Web page caption snippets
--------
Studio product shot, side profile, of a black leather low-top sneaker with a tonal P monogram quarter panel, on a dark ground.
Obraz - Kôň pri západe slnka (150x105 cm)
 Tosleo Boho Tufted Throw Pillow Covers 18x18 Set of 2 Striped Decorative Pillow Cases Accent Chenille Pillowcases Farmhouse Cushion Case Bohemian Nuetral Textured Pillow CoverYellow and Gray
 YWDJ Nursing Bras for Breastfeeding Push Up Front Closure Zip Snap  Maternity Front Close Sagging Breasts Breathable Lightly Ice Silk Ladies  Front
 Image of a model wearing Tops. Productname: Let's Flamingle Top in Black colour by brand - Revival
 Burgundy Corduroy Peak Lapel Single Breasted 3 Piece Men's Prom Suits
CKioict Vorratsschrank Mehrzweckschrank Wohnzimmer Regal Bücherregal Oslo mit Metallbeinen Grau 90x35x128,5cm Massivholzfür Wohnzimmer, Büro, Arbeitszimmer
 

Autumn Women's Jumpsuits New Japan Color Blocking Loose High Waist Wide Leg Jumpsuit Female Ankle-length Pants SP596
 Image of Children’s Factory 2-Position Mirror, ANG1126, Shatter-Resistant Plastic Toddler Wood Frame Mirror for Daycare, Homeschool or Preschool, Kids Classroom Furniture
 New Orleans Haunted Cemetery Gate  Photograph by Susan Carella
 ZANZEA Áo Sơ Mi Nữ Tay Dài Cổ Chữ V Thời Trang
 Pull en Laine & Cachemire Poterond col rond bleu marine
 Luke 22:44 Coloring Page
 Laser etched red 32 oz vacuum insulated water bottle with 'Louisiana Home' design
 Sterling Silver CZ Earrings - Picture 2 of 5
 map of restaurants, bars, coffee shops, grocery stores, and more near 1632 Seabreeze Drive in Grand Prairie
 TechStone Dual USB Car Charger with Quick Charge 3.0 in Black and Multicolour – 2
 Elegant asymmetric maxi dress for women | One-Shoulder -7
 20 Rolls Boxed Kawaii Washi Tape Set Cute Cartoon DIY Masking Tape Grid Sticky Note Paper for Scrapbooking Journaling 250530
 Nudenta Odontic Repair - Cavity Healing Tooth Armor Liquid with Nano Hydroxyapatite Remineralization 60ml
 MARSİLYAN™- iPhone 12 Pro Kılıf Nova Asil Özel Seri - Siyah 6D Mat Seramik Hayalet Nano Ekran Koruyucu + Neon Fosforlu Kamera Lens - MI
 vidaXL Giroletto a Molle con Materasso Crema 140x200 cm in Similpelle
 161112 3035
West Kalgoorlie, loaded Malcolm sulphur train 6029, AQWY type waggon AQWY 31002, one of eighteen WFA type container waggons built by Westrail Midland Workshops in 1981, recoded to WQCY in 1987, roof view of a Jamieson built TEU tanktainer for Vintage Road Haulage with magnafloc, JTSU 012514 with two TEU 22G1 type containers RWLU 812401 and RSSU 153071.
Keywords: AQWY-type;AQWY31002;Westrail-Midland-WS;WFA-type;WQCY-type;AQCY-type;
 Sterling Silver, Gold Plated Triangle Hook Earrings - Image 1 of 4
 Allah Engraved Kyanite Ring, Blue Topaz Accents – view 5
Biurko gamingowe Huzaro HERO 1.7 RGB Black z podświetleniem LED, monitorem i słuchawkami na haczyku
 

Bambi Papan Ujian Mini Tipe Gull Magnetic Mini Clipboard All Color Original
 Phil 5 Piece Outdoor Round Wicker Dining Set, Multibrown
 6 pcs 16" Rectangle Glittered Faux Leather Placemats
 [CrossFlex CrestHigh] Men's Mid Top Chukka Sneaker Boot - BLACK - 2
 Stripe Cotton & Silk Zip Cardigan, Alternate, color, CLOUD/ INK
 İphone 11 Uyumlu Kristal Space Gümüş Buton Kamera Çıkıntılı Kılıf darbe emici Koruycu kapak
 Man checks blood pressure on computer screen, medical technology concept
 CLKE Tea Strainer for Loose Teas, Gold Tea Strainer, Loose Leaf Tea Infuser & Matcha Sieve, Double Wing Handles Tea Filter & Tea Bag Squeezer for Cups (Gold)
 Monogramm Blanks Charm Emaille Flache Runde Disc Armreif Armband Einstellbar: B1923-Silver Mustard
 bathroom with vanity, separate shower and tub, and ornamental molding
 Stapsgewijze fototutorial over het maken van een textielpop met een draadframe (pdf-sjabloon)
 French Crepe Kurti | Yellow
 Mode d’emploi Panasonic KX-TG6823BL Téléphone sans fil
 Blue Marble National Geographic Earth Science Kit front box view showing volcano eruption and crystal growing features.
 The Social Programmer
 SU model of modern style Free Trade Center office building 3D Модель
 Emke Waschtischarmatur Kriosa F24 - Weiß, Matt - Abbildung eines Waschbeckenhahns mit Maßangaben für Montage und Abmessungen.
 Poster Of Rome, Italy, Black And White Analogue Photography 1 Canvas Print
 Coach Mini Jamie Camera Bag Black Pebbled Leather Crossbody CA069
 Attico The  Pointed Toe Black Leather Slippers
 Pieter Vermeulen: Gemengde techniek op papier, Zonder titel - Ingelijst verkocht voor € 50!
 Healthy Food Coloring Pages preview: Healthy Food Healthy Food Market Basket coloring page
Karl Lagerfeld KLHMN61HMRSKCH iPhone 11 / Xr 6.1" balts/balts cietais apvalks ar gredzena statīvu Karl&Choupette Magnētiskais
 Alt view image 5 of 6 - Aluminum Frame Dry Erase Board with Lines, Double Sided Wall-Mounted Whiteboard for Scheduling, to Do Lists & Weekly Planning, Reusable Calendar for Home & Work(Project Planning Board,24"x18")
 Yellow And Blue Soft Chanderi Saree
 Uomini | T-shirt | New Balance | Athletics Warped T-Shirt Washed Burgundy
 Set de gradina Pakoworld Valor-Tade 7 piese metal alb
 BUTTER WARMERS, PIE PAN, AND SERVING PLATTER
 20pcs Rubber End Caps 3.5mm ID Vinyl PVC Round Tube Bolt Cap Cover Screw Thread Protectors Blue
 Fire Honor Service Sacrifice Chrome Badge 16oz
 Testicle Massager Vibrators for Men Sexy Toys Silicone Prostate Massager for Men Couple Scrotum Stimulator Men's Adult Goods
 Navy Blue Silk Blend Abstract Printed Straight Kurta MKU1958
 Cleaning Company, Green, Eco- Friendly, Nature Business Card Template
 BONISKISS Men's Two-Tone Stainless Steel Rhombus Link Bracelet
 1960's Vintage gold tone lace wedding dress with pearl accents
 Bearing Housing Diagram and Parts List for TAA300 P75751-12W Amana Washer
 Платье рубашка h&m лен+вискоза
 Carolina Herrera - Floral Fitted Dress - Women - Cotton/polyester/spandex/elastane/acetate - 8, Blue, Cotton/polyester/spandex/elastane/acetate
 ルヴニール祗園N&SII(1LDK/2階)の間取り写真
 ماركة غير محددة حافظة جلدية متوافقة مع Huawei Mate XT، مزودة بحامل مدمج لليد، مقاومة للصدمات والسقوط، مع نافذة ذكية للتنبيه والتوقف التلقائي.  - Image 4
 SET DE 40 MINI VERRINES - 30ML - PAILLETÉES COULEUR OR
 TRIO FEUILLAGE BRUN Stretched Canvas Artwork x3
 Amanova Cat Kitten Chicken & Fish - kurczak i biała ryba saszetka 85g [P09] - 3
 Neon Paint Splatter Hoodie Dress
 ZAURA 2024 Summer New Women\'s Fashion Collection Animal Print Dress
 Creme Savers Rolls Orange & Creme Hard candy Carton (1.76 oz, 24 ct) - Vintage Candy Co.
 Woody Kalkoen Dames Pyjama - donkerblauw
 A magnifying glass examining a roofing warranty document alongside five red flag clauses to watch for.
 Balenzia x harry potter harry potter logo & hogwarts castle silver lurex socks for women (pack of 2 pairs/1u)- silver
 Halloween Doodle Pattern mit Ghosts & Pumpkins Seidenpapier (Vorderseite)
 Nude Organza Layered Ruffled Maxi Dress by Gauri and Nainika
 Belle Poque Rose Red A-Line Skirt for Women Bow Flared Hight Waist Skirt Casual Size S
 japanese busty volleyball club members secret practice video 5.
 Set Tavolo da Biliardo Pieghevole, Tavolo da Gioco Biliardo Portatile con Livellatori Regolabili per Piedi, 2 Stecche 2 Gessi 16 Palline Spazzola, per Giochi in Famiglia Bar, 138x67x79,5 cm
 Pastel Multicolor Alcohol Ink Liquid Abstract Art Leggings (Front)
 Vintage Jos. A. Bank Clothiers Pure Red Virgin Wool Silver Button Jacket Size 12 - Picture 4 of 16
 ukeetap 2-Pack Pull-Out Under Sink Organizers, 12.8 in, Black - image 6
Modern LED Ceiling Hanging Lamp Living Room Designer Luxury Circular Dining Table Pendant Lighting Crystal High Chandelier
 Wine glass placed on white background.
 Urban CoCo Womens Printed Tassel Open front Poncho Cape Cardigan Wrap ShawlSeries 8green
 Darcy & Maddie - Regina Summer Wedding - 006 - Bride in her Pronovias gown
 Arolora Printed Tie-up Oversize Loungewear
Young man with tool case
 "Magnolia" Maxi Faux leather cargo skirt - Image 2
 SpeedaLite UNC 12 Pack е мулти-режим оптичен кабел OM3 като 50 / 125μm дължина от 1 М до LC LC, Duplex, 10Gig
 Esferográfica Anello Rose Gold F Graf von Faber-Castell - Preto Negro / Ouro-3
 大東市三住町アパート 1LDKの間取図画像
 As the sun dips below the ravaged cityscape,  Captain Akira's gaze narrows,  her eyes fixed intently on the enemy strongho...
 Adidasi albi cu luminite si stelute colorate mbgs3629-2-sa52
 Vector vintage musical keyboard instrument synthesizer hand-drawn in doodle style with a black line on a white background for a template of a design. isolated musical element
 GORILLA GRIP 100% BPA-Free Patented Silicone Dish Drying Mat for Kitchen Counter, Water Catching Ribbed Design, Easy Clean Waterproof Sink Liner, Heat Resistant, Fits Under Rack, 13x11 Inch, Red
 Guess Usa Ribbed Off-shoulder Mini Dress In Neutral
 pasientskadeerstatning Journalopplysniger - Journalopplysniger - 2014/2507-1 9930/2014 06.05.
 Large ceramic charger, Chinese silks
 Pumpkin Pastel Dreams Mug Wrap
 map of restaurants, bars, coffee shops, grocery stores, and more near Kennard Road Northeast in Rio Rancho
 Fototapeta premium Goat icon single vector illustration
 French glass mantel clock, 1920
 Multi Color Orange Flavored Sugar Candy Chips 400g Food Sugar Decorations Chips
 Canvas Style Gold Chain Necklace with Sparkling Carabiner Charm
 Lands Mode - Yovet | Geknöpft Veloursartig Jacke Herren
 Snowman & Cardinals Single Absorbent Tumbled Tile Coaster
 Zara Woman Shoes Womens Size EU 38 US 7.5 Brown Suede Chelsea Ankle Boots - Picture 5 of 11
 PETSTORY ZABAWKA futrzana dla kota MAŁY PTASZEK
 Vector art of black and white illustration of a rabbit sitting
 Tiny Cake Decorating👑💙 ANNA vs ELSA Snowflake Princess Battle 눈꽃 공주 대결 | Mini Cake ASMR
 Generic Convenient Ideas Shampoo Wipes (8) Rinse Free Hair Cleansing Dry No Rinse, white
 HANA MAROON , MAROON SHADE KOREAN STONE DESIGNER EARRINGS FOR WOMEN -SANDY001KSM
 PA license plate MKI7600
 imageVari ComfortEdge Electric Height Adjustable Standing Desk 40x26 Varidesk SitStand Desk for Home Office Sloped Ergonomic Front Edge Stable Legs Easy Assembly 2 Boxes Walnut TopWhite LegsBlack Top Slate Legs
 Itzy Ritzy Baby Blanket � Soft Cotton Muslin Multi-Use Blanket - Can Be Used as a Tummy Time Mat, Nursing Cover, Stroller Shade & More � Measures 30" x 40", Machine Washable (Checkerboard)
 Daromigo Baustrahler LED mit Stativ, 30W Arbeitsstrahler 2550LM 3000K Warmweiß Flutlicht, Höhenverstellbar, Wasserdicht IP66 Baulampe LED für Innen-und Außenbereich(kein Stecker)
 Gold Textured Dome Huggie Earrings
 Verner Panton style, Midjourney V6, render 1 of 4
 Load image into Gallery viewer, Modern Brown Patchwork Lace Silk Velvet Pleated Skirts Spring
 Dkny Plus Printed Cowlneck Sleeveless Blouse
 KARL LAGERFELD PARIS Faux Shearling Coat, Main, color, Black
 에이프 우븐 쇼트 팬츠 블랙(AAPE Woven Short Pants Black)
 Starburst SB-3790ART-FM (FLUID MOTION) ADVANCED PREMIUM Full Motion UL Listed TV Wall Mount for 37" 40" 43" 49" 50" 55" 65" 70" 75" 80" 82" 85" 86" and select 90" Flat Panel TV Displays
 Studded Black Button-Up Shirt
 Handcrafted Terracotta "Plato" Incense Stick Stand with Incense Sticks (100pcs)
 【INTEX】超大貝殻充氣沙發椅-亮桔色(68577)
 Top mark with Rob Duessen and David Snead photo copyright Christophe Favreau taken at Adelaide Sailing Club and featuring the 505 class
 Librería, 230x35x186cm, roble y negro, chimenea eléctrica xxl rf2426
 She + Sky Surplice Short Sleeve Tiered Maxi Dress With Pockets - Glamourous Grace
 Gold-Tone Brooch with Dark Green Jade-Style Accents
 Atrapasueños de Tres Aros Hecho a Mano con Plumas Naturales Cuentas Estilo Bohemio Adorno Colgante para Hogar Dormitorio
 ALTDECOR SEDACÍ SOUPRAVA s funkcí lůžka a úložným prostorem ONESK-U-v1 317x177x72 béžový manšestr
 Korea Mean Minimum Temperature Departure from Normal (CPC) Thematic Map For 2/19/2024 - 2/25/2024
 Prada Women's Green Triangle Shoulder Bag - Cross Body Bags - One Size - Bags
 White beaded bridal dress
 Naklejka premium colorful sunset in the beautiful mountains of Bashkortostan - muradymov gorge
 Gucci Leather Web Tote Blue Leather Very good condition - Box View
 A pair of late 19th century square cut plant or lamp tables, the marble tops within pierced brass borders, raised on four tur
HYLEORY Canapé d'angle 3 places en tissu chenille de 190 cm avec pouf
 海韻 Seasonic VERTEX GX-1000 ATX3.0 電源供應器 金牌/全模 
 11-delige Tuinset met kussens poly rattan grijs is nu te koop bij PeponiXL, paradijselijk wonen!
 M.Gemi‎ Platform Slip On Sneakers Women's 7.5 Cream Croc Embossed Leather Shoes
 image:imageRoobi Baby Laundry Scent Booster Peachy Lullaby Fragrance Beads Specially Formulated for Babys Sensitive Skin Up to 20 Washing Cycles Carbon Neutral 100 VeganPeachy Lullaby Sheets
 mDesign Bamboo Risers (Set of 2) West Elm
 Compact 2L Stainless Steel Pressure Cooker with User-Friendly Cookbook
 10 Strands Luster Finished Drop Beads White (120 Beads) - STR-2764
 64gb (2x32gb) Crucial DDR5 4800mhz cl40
--------
- [Exercise objective]: Exactly the lines running from the top of the records to the line that contains "Luke 22:44 Coloring Page", inclusive, must be set down, and nothing more.

- [Output for this task]:
Studio product shot, side profile, of a black leather low-top sneaker with a tonal P monogram quarter panel, on a dark ground.
Obraz - Kôň pri západe slnka (150x105 cm)
 Tosleo Boho Tufted Throw Pillow Covers 18x18 Set of 2 Striped Decorative Pillow Cases Accent Chenille Pillowcases Farmhouse Cushion Case Bohemian Nuetral Textured Pillow CoverYellow and Gray
 YWDJ Nursing Bras for Breastfeeding Push Up Front Closure Zip Snap  Maternity Front Close Sagging Breasts Breathable Lightly Ice Silk Ladies  Front
 Image of a model wearing Tops. Productname: Let's Flamingle Top in Black colour by brand - Revival
 Burgundy Corduroy Peak Lapel Single Breasted 3 Piece Men's Prom Suits
CKioict Vorratsschrank Mehrzweckschrank Wohnzimmer Regal Bücherregal Oslo mit Metallbeinen Grau 90x35x128,5cm Massivholzfür Wohnzimmer, Büro, Arbeitszimmer
 

Autumn Women's Jumpsuits New Japan Color Blocking Loose High Waist Wide Leg Jumpsuit Female Ankle-length Pants SP596
 Image of Children’s Factory 2-Position Mirror, ANG1126, Shatter-Resistant Plastic Toddler Wood Frame Mirror for Daycare, Homeschool or Preschool, Kids Classroom Furniture
 New Orleans Haunted Cemetery Gate  Photograph by Susan Carella
 ZANZEA Áo Sơ Mi Nữ Tay Dài Cổ Chữ V Thời Trang
 Pull en Laine & Cachemire Poterond col rond bleu marine
 Luke 22:44 Coloring Page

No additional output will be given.